# [What you should do]
Repeat every record word for word and omit the images.

# [Supplied data]
==*==

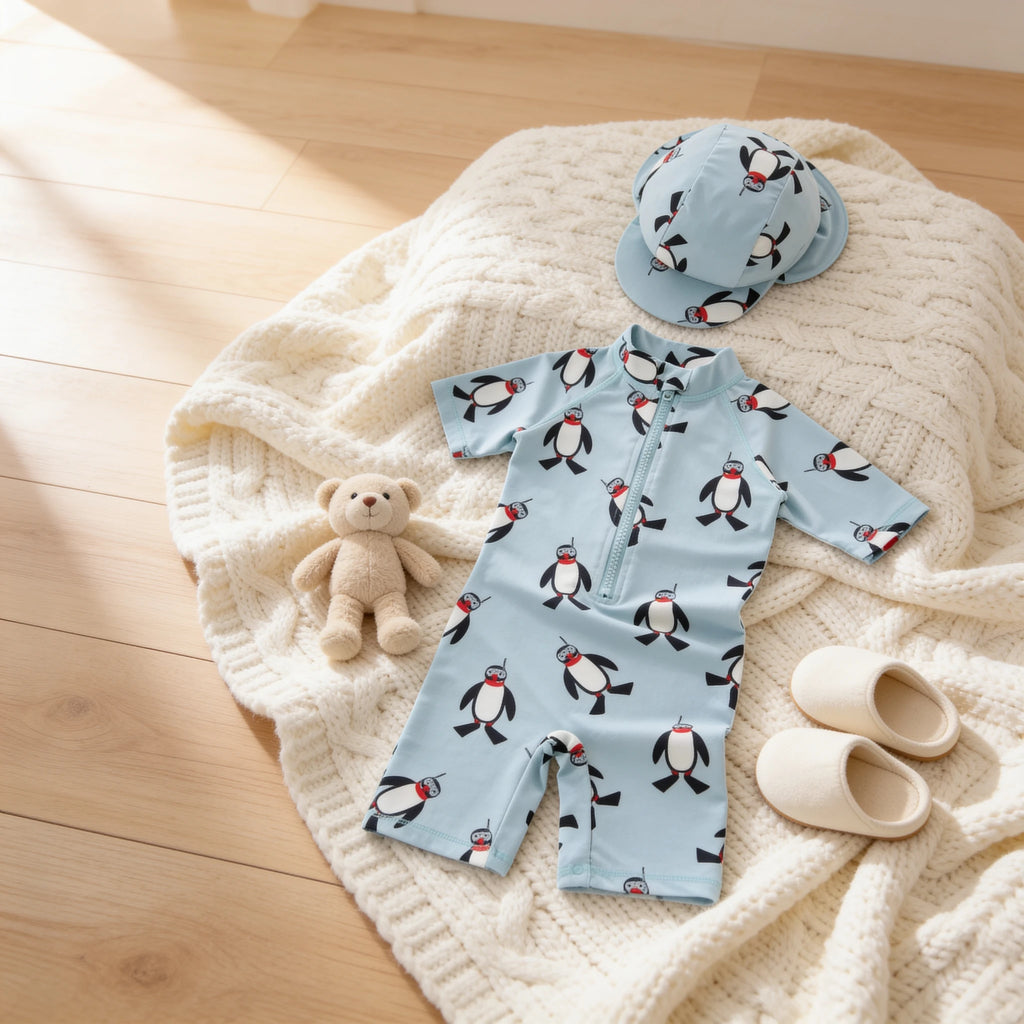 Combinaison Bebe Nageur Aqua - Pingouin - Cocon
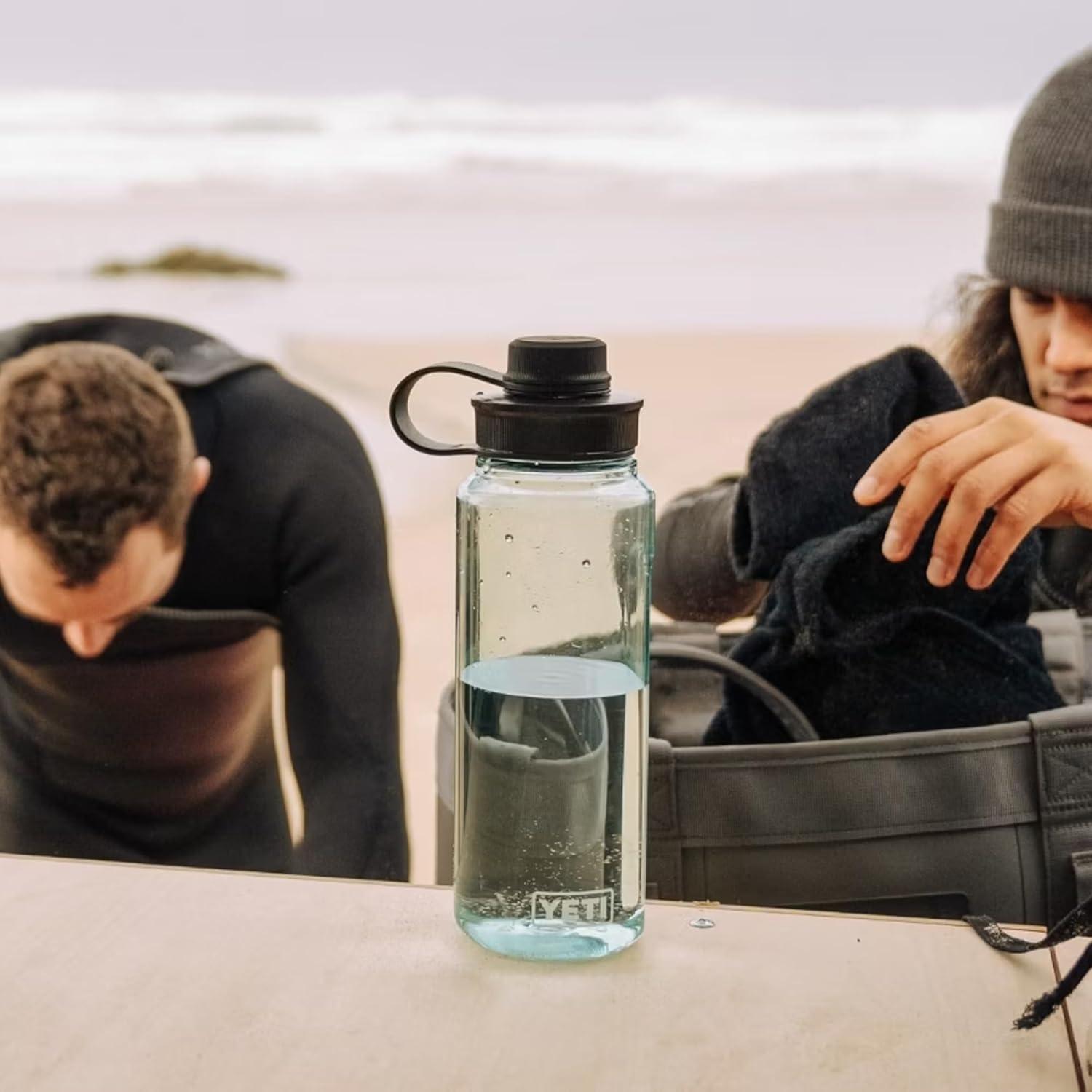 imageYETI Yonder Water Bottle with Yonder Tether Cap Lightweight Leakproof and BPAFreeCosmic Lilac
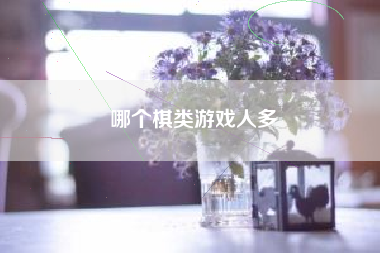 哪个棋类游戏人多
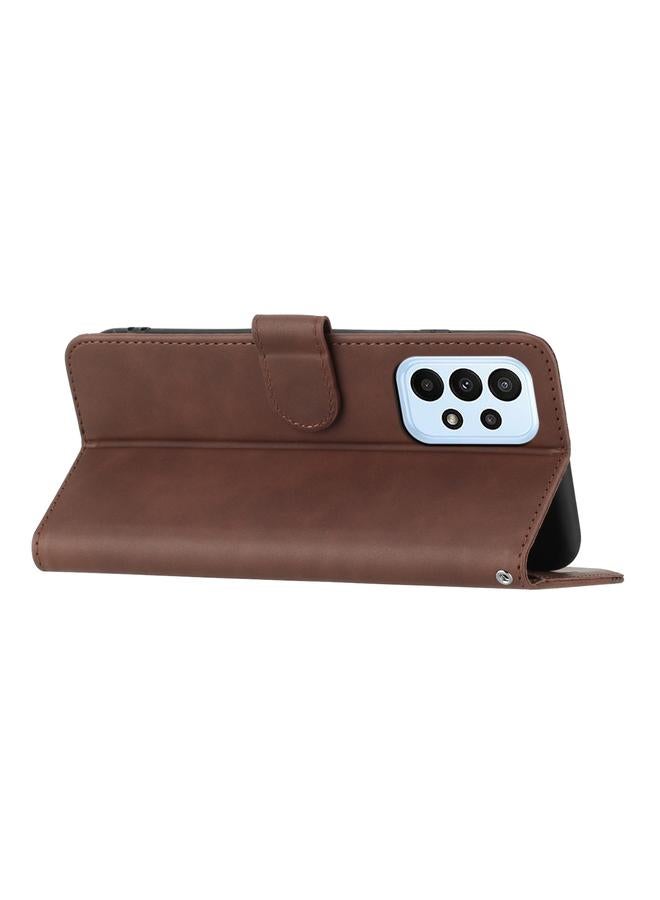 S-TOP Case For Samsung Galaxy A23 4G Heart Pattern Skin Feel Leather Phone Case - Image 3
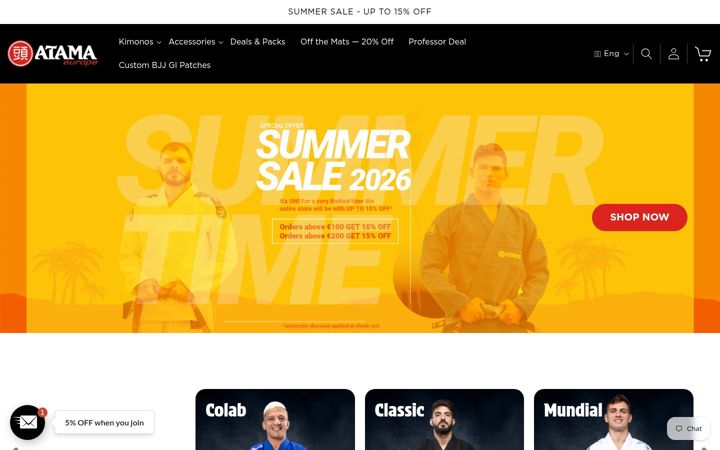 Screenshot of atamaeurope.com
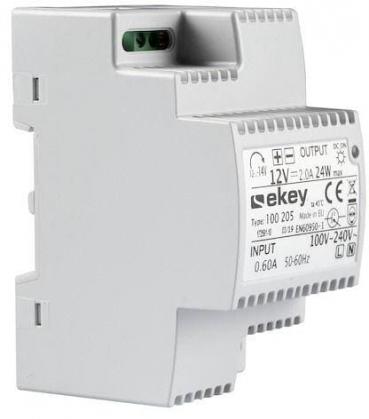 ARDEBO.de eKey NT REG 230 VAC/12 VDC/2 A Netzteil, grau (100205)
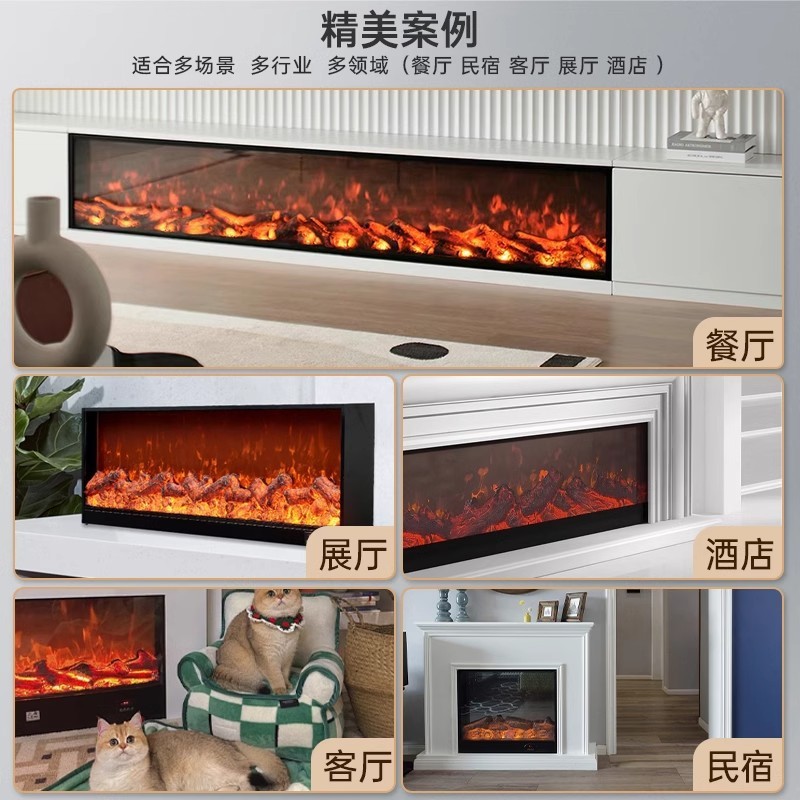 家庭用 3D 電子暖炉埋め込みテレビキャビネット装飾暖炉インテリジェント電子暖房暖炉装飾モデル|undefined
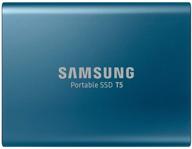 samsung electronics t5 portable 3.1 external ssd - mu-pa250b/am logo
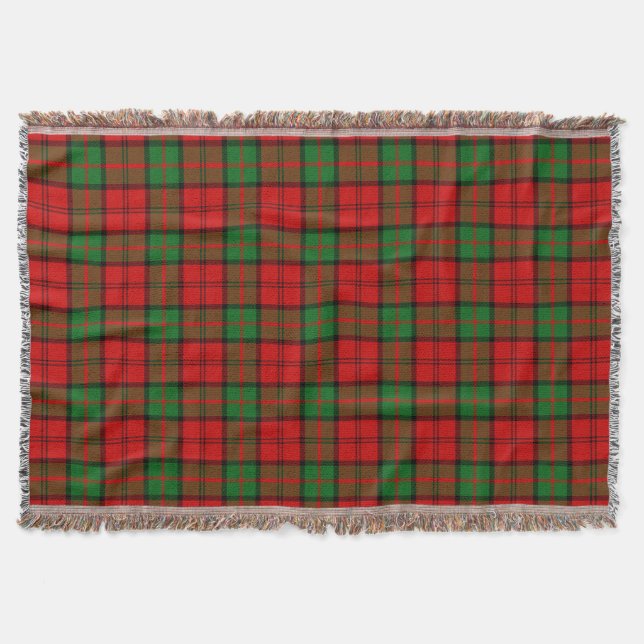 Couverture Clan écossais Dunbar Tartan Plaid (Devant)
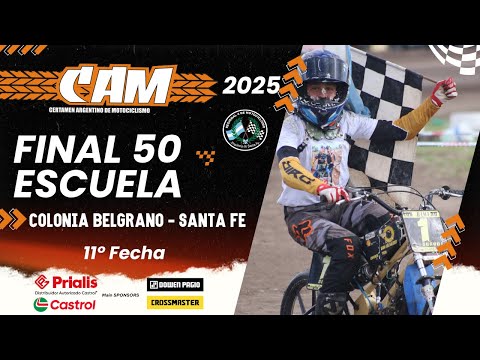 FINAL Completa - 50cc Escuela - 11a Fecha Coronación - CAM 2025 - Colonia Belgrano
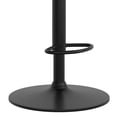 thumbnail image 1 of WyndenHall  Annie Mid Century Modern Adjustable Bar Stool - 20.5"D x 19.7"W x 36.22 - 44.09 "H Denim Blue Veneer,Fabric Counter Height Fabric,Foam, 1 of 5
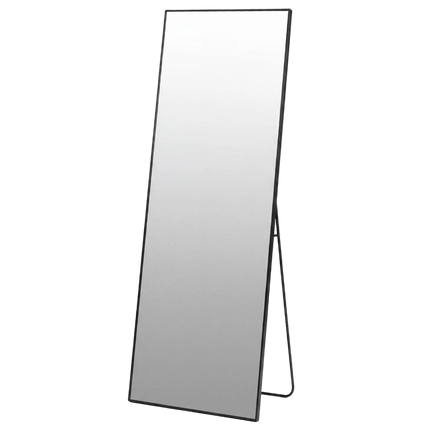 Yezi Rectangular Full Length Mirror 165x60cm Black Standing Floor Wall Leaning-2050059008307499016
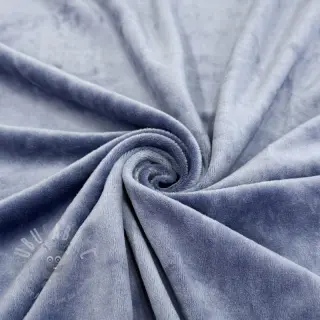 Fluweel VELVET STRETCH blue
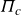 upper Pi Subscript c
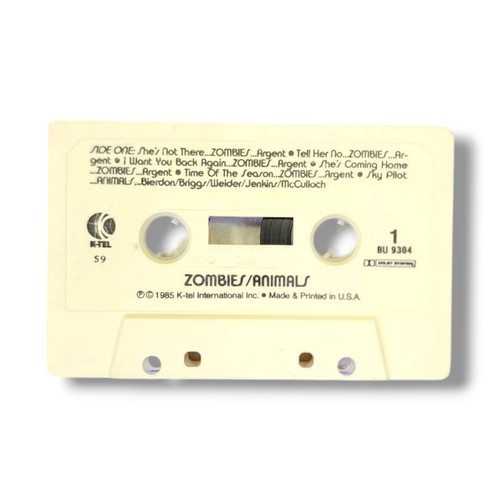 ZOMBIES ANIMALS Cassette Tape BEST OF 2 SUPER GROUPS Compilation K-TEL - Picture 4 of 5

==*==

# [Solution]
 Combinaison Bebe Nageur Aqua - Pingouin - Cocon
 imageYETI Yonder Water Bottle with Yonder Tether Cap Lightweight Leakproof and BPAFreeCosmic Lilac
 哪个棋类游戏人多
 S-TOP Case For Samsung Galaxy A23 4G Heart Pattern Skin Feel Leather Phone Case - Image 3
 Screenshot of atamaeurope.com
 ARDEBO.de eKey NT REG 230 VAC/12 VDC/2 A Netzteil, grau (100205)
 家庭用 3D 電子暖炉埋め込みテレビキャビネット装飾暖炉インテリジェント電子暖房暖炉装飾モデル|undefined
 samsung electronics t5 portable 3.1 external ssd - mu-pa250b/am logo
 Couverture Clan écossais Dunbar Tartan Plaid (Devant)
 FINAL Completa - 50cc Escuela - 11a Fecha Coronación - CAM 2025 - Colonia Belgrano
 thumbnail image 1 of WyndenHall  Annie Mid Century Modern Adjustable Bar Stool - 20.5"D x 19.7"W x 36.22 - 44.09 "H Denim Blue Veneer,Fabric Counter Height Fabric,Foam, 1 of 5
 Yezi Rectangular Full Length Mirror 165x60cm Black Standing Floor Wall Leaning-2050059008307499016
 Fluweel VELVET STRETCH blue
 upper Pi Subscript c
 ZOMBIES ANIMALS Cassette Tape BEST OF 2 SUPER GROUPS Compilation K-TEL - Picture 4 of 5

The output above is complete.